§ **AIM OF THE TASK**
Of all the lines below, return only those starting with the line holding "Again, I performed" and going on through the line holding "Hello and welcome", exactly as written.

§ **STUDY MATERIAL**
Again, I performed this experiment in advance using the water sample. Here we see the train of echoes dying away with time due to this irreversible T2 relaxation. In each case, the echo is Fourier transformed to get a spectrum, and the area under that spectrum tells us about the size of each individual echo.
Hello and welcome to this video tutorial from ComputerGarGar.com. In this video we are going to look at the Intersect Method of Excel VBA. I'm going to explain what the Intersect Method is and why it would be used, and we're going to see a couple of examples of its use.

--

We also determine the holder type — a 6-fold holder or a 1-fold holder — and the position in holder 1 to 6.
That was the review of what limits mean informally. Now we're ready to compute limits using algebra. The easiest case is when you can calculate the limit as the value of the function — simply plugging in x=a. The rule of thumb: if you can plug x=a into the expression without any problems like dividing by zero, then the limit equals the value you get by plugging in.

§ **WRITTEN ANSWER**
Again, I performed this experiment in advance using the water sample. Here we see the train of echoes dying away with time due to this irreversible T2 relaxation. In each case, the echo is Fourier transformed to get a spectrum, and the area under that spectrum tells us about the size of each individual echo.
Hello and welcome to this video tutorial from ComputerGarGar.com. In this video we are going to look at the Intersect Method of Excel VBA. I'm going to explain what the Intersect Method is and why it would be used, and we're going to see a couple of examples of its use.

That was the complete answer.